RIP John Berger
I was in bed watching Ethel and Ernest die on Monday night when I heard that John Berger had passed away at the age of 90. Oh, the pain of living in the present world. He was the most humane writer of our times. I'm not sure who my favourite living writer is now. It is sad when that happens. The last time for me was when Muriel Spark died in 2006.
When Berger won the Booker Prize in 1972 for his novel "G", he (in)famously gave half the prize money to the Black Panther movement (although they were no longer active) in protest at the prize sponsors' exploitation of workers in the Caribbean. The other half he used to to write a much better book: A Seventh Man - in which, with photographer Jean Mohr, he depicted the lives of migrant workers in Europe. A book more people should have read. A book more people should read.
As is King: A Street Story - one of very few books I re-read (often around New Year for some reason) and one, you may have noticed, I mention at every opportunity. I was very disappointed that it wasn't shortlisted for the Booker Prize in 1999. (Come to think of it I am disappointed it didn't win him the Nobel Prize for Literature. Perhaps he should have sung it?) Maybe the Black Panther thing made him persona non grata, although he was longlisted for From A To X in 2008.
One of my favourite living writers, Ali Smith, says of him that "a few minutes with Berger and a better world, a better outcome, wasn’t fantasy or imaginary, it was impetus – possible, feasible, urgent and clear. It wasn’t that another world was possible; it was that this world, if we looked differently, and responded differently, was differently possible."

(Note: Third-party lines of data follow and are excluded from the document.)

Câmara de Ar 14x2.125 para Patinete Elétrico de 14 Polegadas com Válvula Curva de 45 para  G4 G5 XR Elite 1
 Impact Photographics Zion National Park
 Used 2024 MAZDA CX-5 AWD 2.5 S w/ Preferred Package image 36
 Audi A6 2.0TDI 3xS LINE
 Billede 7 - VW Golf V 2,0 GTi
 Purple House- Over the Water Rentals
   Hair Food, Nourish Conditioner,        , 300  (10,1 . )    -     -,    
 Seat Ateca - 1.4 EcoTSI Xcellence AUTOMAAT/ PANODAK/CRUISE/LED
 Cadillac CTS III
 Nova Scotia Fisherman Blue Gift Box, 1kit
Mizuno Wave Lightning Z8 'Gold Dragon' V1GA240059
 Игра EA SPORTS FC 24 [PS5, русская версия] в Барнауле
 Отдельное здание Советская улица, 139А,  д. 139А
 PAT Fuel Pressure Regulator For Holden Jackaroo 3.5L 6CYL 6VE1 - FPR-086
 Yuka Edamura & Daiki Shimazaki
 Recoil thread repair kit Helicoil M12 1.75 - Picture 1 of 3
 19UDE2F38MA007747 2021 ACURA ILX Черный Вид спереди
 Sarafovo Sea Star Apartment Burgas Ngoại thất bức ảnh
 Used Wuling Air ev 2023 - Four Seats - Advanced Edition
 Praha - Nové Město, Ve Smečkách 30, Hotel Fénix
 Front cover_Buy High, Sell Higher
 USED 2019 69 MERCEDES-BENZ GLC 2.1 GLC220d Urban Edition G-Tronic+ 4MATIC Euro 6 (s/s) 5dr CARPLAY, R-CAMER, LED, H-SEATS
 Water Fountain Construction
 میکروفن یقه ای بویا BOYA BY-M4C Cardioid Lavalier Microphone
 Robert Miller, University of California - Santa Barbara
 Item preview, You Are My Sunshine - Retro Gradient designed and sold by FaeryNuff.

That better world looks less possible now, but maybe he has found it.
RIP John Berger
Meanwhile, the judges for the 2017 Man Booker Prize were announced just before Christmas, they are: Baroness Lola Young (chair); the travel writer Colin Thubron, whose novel To The Last City was longlisted for the prize in 2002; novelist Sarah Hall (who was shortlisted for The Electric Michelangelo in 2004 and longlisted for How To Paint A Dead Man in 2009); artist Tom Phillips; and literary critic Lila Azam Zanganeh. Their longlist will be revealed in July, the shortlist in September, and the winner announced on October 17th at London's Guildhall.